Problem description -
Keep the pictures out, and restate the listing that follows exactly as written.

Collected material -
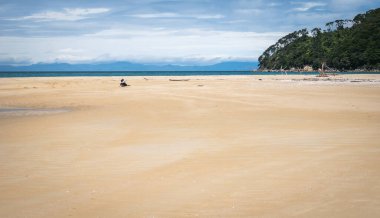 Kumsalda altın kumlarla dinlenen biri. Abel Tasman Ulusal Parkı, Yeni Zelanda 'da çekildi.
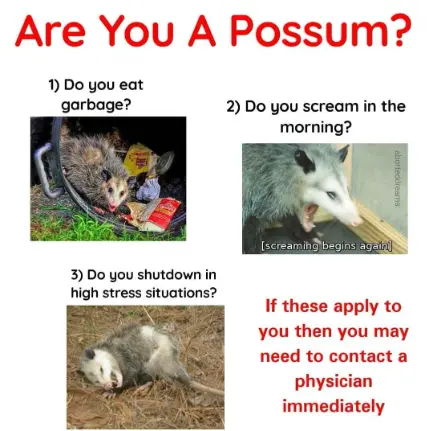 Possum quiz meme listing three relatable traits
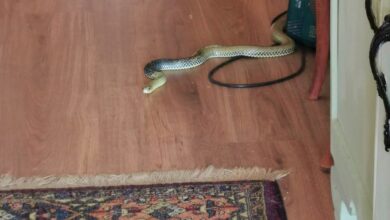 Noticias Castilla-La Mancha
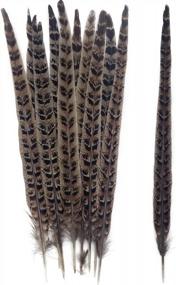 img 1 attached to Pack Of 20 Natural Pheasant Tail Feathers - Ideal For Crafts, Decorations, And Costumes - 10-12 Inch Length - Perfect For Festival Parties, Christmas Ornaments, And Hat Accessories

Written answer -
 Kumsalda altın kumlarla dinlenen biri. Abel Tasman Ulusal Parkı, Yeni Zelanda 'da çekildi.
 Possum quiz meme listing three relatable traits
 Noticias Castilla-La Mancha
 img 1 attached to Pack Of 20 Natural Pheasant Tail Feathers - Ideal For Crafts, Decorations, And Costumes - 10-12 Inch Length - Perfect For Festival Parties, Christmas Ornaments, And Hat Accessories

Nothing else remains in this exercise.